The 9th was spent, under an armistice, in burying the dead and caring for the wounded. General Lambert then determined to withdraw to the shipping and abandon the enterprise, but was ten days about it, during which time his troops were annoyed by incessant cannonading by day and "hunting parties" by night. The British fleet had entered the Mississippi at its mouth, and from the 10th to the 17th bombarded Fort St. Philip, seventy-five miles below New Orleans, but effected nothing, and on the 18th withdrew.
CHAPTER XXI. PEACE.
The Treaty of Ghent—Treatment of Prisoners—Losses and Gains by the War—Conclusion.
Had there been an Atlantic cable, or even a transatlantic steamer, with land telegraphs, in those days, the slaughter before New Orleans might have been prevented; for a treaty of peace had been signed at Ghent on the 24th of December, 1814. It made the usual stipulations for the exchange of prisoners and the return of property, guaranteed peace to the Indians, and provided for a settlement by commissioners of questions as to boundary and the islands in Passamaquoddy Bay,—and it provided for little else. The negotiations had been going on for five months, and more than once were in danger of being broken off on account of the insolent and supercilious bearing of the English Commissioners. So says Adams in his diary.
At the outset, the British Commissioners had insisted that the Indians should have a territory set off to them, as neutral ground between the British and the American possessions, and that the United States should have no armament on the great lakes and no fortifications on their shores, while Canada was not to be restricted.
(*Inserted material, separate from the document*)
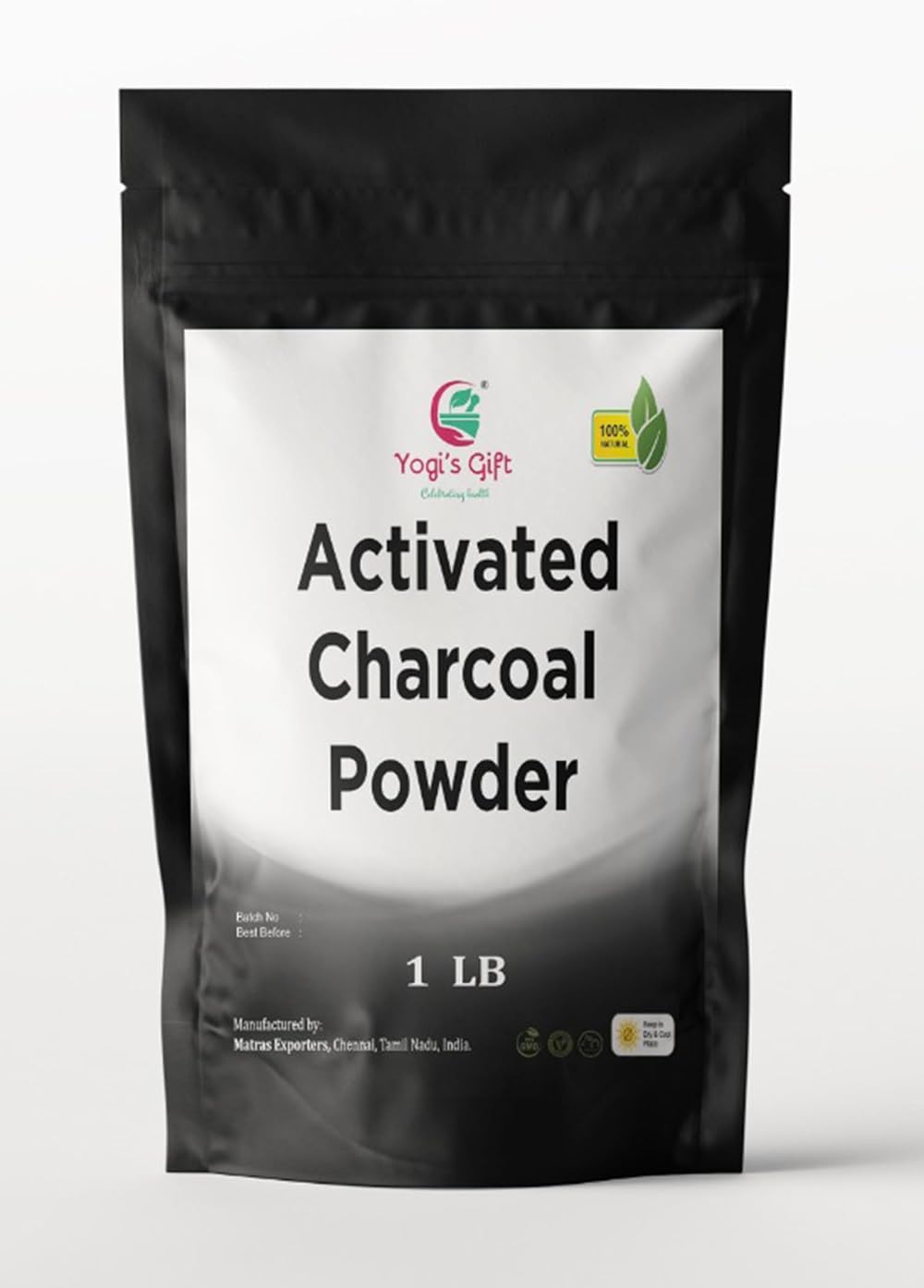 Yogi's Gift Activated Charcoal Powder 454g Ground Coconut Skin Soap Detox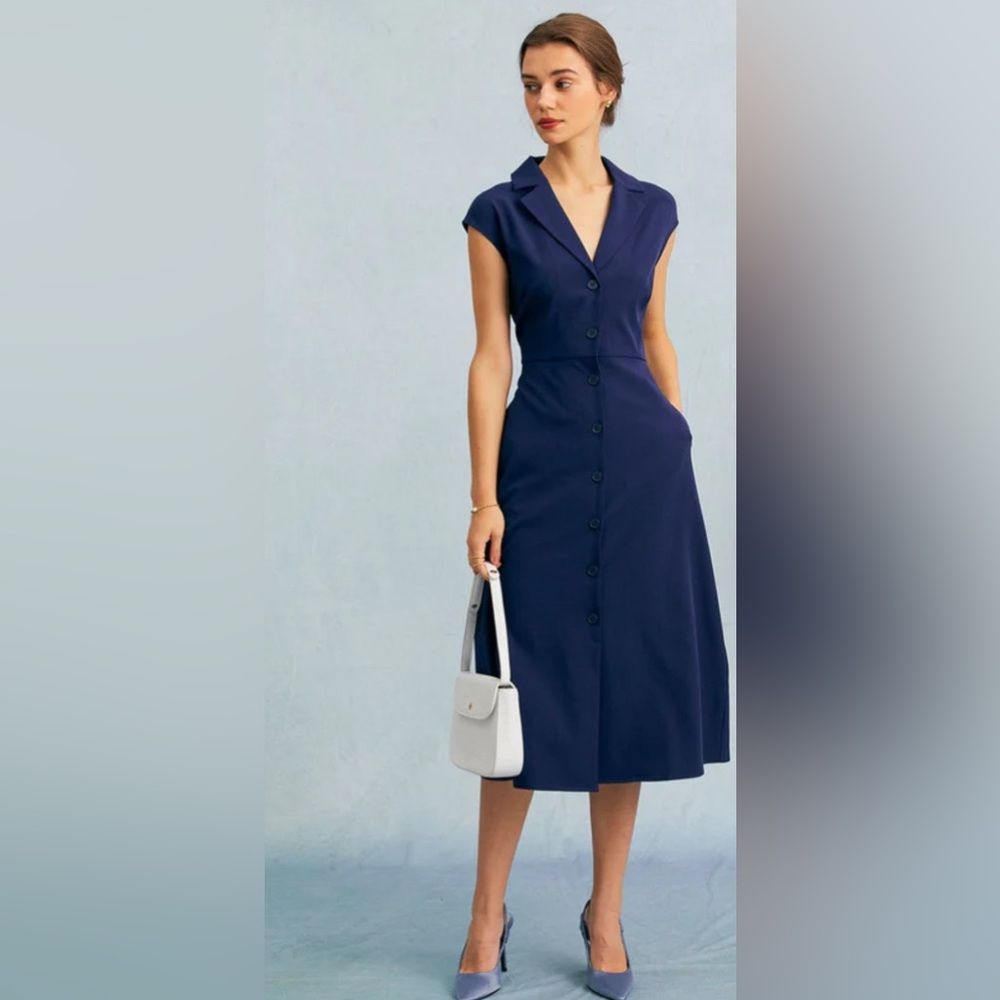 Elegant Navy Blue Button-Down Dress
On the other hand, the American Commissioners had insisted on formal abrogation of the right of search and impressment. But all these points were ultimately given up. As early as June the American Commissioners had been instructed by the President that they might omit any stipulation on the subject of impressment, if it was found indispensably necessary to do so in order to terminate the war; and acting under this instruction they yielded to the argument that, as Europe was now at peace, there was no longer any occasion for exercising the right, and therefore no practical necessity for mentioning it.
The treaty was severely criticised and mercilessly ridiculed as a meaningless document. It might have been answered that the Federalists at least had no right to complain, since they had clamored only for peace, and the treaty brought peace. Better than this, it might have been answered that when a point has been practically settled by war, it is of little consequence whether it is conceded on paper; since every nation is likely to heed a lesson taught by force of arms, and equally likely, when interest dictates, to abrogate a treaty; and, whatever might be said of the campaigns on land, it could not be denied that American mariners had abundantly vindicated their right to an unmolested navigation of the high seas—a right which British cruisers have never since interfered with.
There had been no exchange of prisoners during the war, though many had been paroled, and there were bitter complaints of the treatment received by Americans in British prisons. This was especially true of those confined at Dartmoor, the most unhealthful spot in the dreary highlands of Devonshire. These men were not only not released, but were not even informed that peace had been concluded, till three months after the treaty was signed. There seemed to be a special spite against them because they were mostly American sailors, who had audaciously and successfully disputed England's sovereignty of the seas.